Food plays a key role in the film. During their presentation yesterday, Jeff Turley joked that all the artists who worked on the film gained weight during the production because of the ‘research’ that they had to do. Their weight gain paid off though. Feast is the first time in my memory that CGI food has actually looked appetizing onscreen. It’s certainly Disney’s strongest effort in their nascent revival of short filmmaking, and suggests exciting possibilities for how the studio could blend hand-drawn craftsmanship and digital technology in future projects.

  • RL

    I was lucky enough to hire Patrick for Imageworks right out of Ringling College of Art/Design – could not be more proud of his accomplishments.

  • MCar

    sounds promising!

  • Jiles Matlocke

    Why do they keep repeating this story? Or if they insist on repeating why not at least flip the genders?

  • can’t wait to seeee it!!

  • Nice to hear! Now if they’d just start trying it in features instead of just shorts… Well, hopefully one day!

    • Fried

      I feel like they are trying to perfect for as much complexity as possible (Including special effects, how far they can push it, etc).
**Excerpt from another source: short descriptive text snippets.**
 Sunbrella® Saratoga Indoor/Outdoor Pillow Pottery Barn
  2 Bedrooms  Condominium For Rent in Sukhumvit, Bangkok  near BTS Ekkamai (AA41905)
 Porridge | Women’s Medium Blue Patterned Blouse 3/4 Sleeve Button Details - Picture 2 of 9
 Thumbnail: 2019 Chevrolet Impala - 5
Since Pixar is working on their own kind of orocess of trying to create more painterly CGI, I would assume both companies are sharing what they’ve done and will probably be ready to use it after a few years of working on it.

      I’m just gonna guess maybe sometime after 2018 is when they’ll start putting all these techniques into feature films.

      • I’d love to believe that, but at the same time I think “the masses” drive so much of what they end up putting on screen, much more so than a lack of technology or ability. And I’m just not sure the masses will ever want this sort of style choice.

      • ShouldBeWorkin’

        I really don’t know the difference between Pixar and Disney Features any more other than the former is Lasseter’s baby and the latter’s films are musical. Being in the public, I just can no longer see any distinction with the product. Someone tell me why the two companies, other than tradition.

  • Experimenting with different styles and meshing the best of both worlds in a unified, appealing aesthetic? I fail to see the problem here.

    This short sounds ambitious on both an artistic and cinematographic level. I’m glad Disney resurrected its shorts program because now we get to see experimental stuff like Paperman and this. Who knows? Maybe somewhere down the line we’ll see a full-fledged movie utilizing these styles.

  • Fried

    Just looking at Wreck It Ralph gives me cavities.

    • Mitchekie

      Yeah, seriously. This short is definitely not the first film to create mouth-watering CGI food. I intentionally snuck an apple with me into the theater whenever I went to see “Ratatouille” because I would get really hungry when watching the film.

      • Manboy

        Cloudy With a Chance of Meatballs comes to mind as well…

  • TStevens

    Sounds an awful lot like a studio approved press release…

  • Funkybat

    Or as Sgt. Calhoun puts it; “Bull……roar!”

  • Mike

    Heh…I always get hungry watching Cloudy with a Chance of Meatballs, too.

  • ShouldBeWorklin’

    With Paperman I can understand your reasoning. That may have been easier just to draw. Maybe. However, with technology applications it isn’t always about where it is but where it will be in the future. We had to live through a lot of ray traced chrome balls and checkerboards before Toy Story.
    I surmise CG would be the most economical way to make a full fluidly animated painterly conceptual style cartoon however synthetic.

  • C

    No surprise that it would be technical, it’s supposed to be a tech demo for a new program incorporating this technique. The film doesn’t really look and feel like it was crafted carefully like Paperman.